Mutual Building Loan Ass'n of Eufaula v. Guice

As stated, this action was brought by appellee, Guice, against appellant, the Mutual Building Loan Association of Eufaula, Ala., and sought to recover the statutory penalty of $200 for failure to cancel a mortgage given by appellee to appellant (Code 1923, § 9024).

Guice, the appellee, was a stockholder in the building and loan association. On August 2, 1930, he obtained an advance from said association of $7,440 upon 62 shares of stock owned by him, or $120 per share.

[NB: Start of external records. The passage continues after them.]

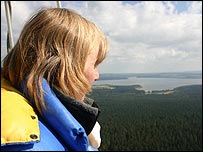 Enjoying the view from the balloon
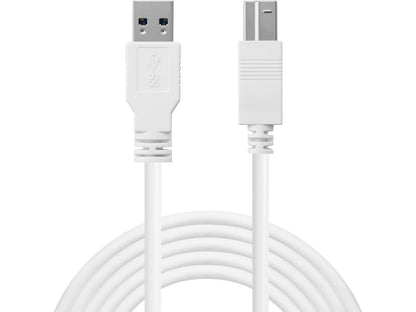 Sandberg 509-23 USB 3.0 A-B Cable 1.8m – High-Speed White Data Lead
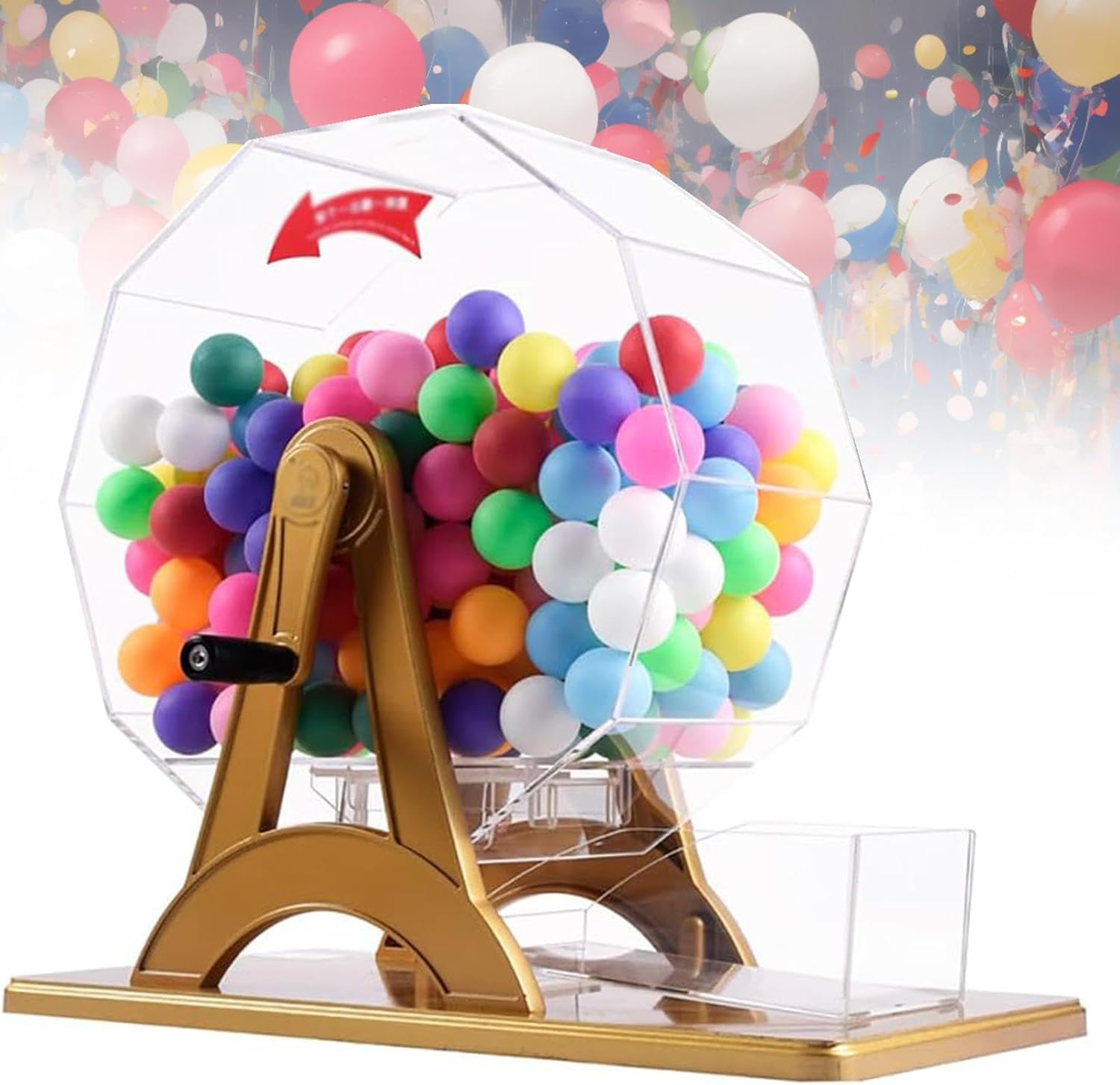 Manual Lottery Drawing Machine, Deluxe Bingo Game Set with 100 Colored Bingo Balls, Props Lottery Machine for Large Groups, Parties, Game Night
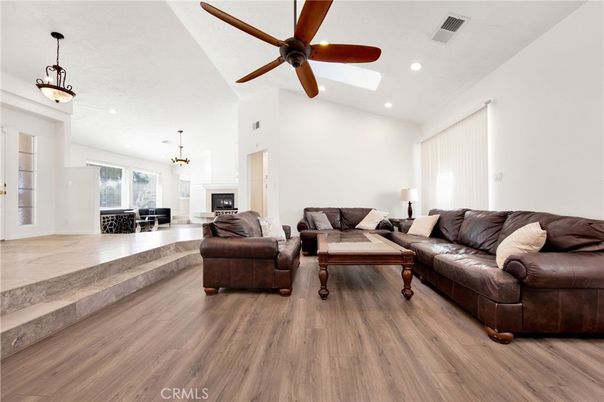 Fireplace, Interior, Living room, Pendant Lights, Recessed Lighting, Wood Texture Flooring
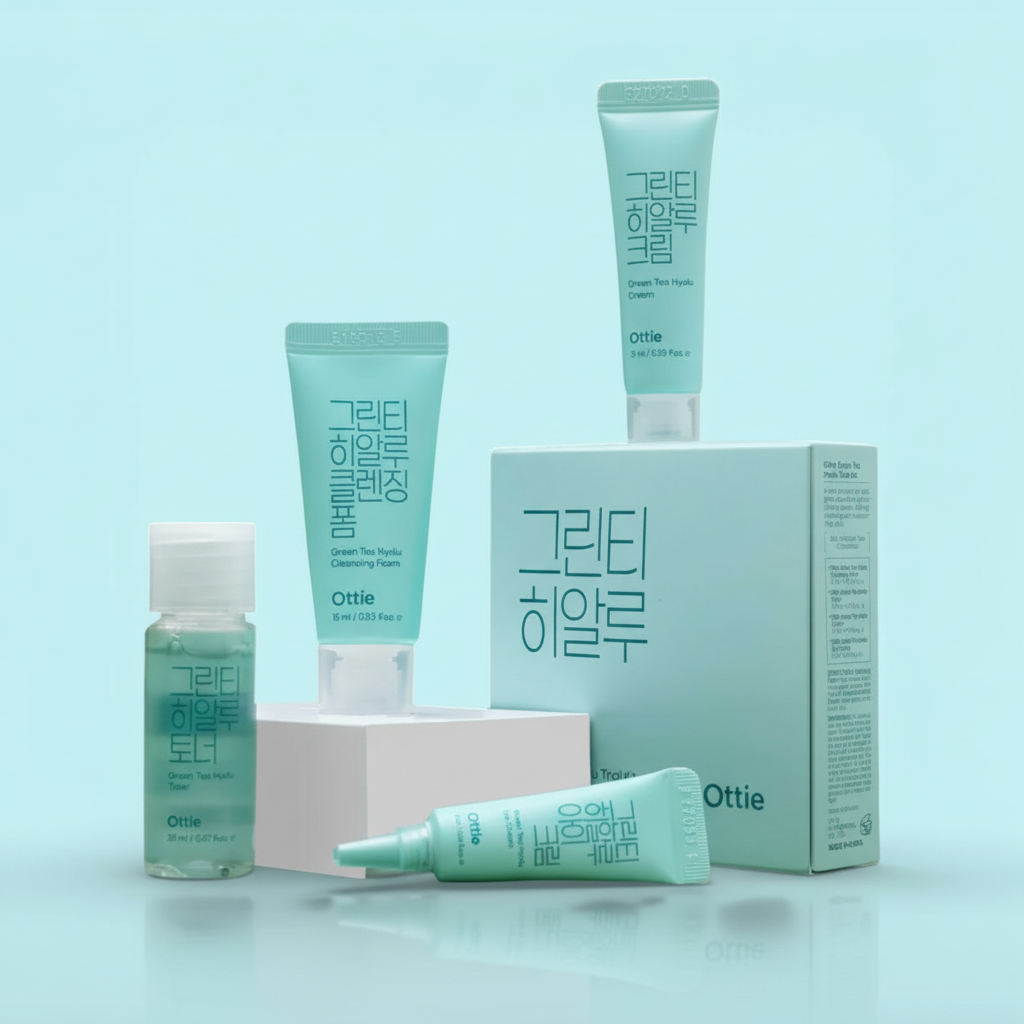 OTTIE - Green Tea Hyalu Trial Kit - Testovací sada s čajovým extraktem a kyselinou hyaluronovou - 4ks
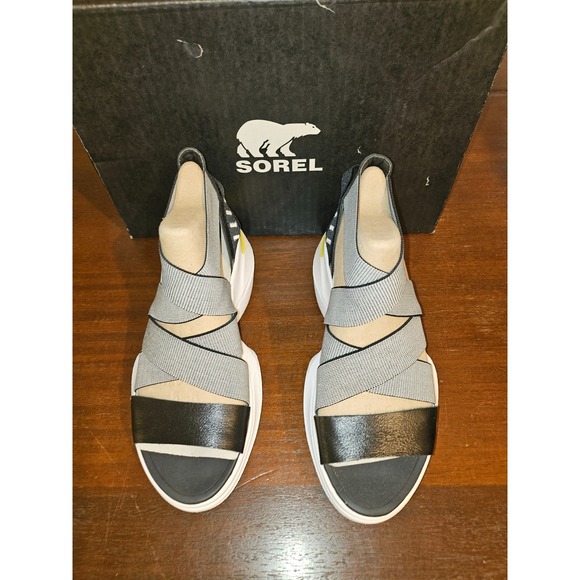 New Sorel Explorer Blitz Black White Strappy Sandals Women 6 New in box‎ - Picture 3 of 9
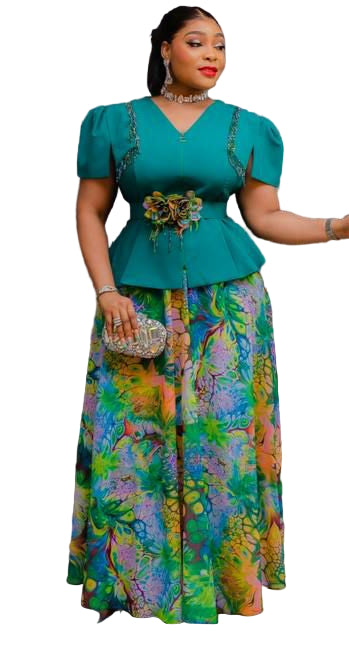 LADIES EMBROIDERED FLOWER BLOUSE WITH LONG DIGITAL PRINTED SKIRT SET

Dues to the association were payable on the first Monday in each month and it was provided in the by-laws that a borrower or purchaser of an advance shall pay in addition to his or her other monthly dues $1 per month for each share of which such advance is made; and in case of failure to pay shall be subject to a fine. There was also a provision for forfeiture for nonpayment of dues or other obligations. Guice had paid his August, 1930, dues on the first day of that month and that, according to the evidence, was his usual custom. On September 1st he paid his regular monthly dues, and his $1 per share assessment for the advance. The undisputed evidence shows that he continued to make payments of similar amounts until April, 1932, when all assessments were stopped and the stock became worth $120 per share, the exact amount appellee had received from the association as an advance. The association was wound up during 1932, paying all other stockholders $120 for each share of stock owned by them.

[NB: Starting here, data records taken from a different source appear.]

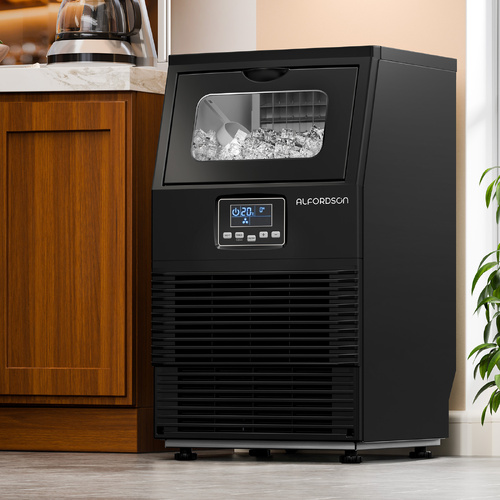 ALFORDSON Commercial Ice Maker Machine 38kg Ice Cube Stainless Steel Black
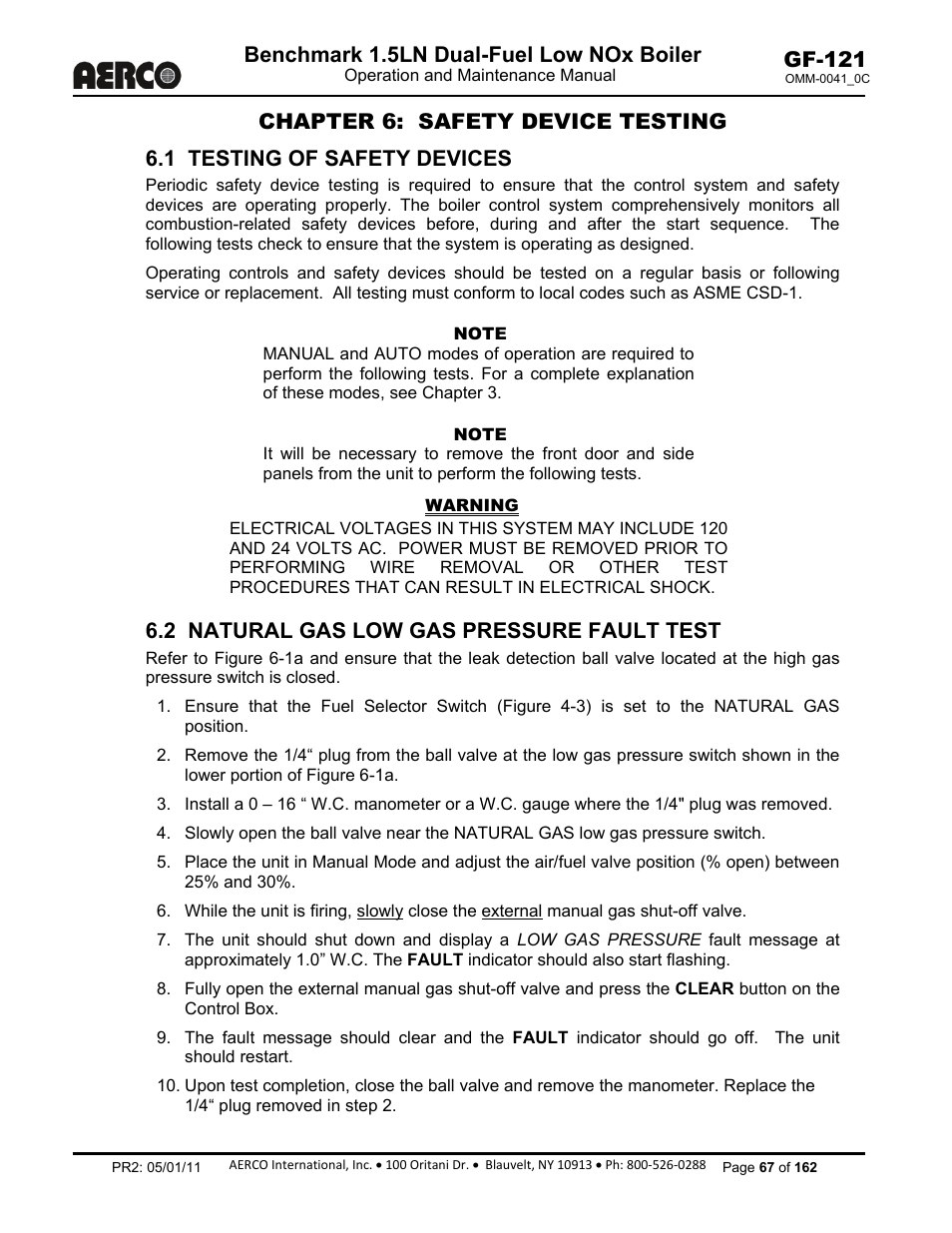 Chapter 6: safety device testing, Chapter 6, 1 testing of safety devices | 2 natural gas low gas pressure fault test, Benchmark 1.5ln dual-fuel low nox boiler, Gf-121 | AERCO BMK 1.5 LN Dual Fuel Feb 2013 User Manual | Page 67 / 162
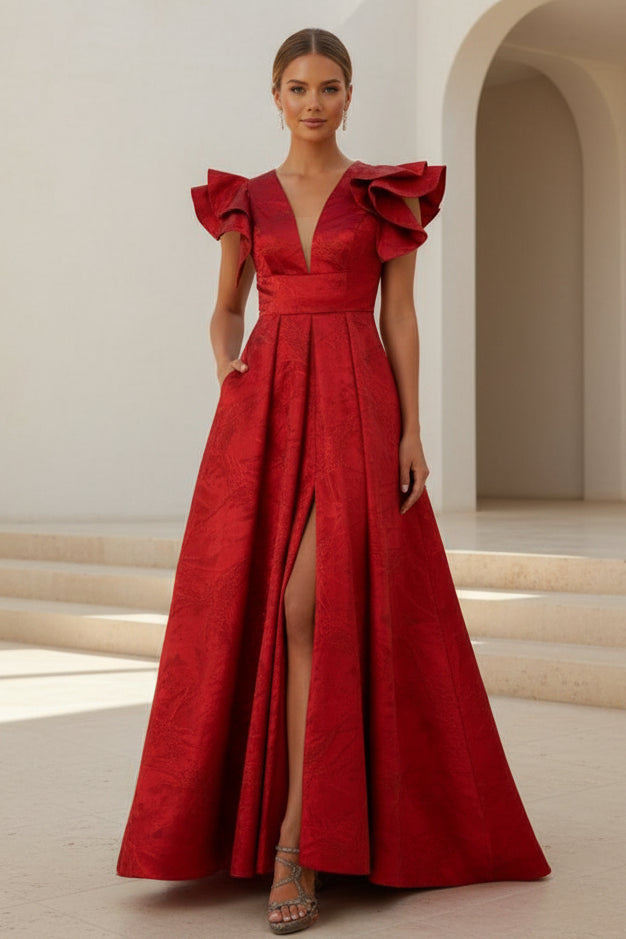 Jacquard A-Line Evening Gown with Ruffle Sleeves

It is contended by the appellee that the payment of $1 per share, $62, was not due by him until September since he had already paid his August dues before the loan was made. Appellant contends that he should have made the payment in August. We do not think it necessary to pass upon this question as the undisputed evidence shows that the association accepted the sum of $124 for each month from September, 1930, until April, 1932, the association being wound up that year as a solvent concern paying each stockholder $120 per share, the exact sum appellee had obtained as an advance.

The maturity of the stock in a solvent building and loan association satisfies the obligation of the borrower and he is entitled to whatever security he has given the association and to have the same canceled. Endlich on Building Loan Associations, §§ 98, 331-333, and § 155.

This doctrine is fully recognized in Alabama in the case of Southern Building Loan Asso. v. Anniston, etc. Co., 101 Ala. 582,15 So. 123, 126, 29 L.R.A. 120, 46 Am. St. Rep. 138. Quoting from a note by Mr. Freeman cited in that case the opinion says: "It must be remembered, that when a member obtains a loan or advance he anticipates the amount he is to receive upon the termination of the association." A forfeiture is waived by the acceptance of dues after the forfeiture has accrued without any other action on the part of the board of directors. Endlich on Building Loan Associations, § 74; 9 C.J. pp. 950, 951, § 60; 4 R.C.L. p. 61, § 19.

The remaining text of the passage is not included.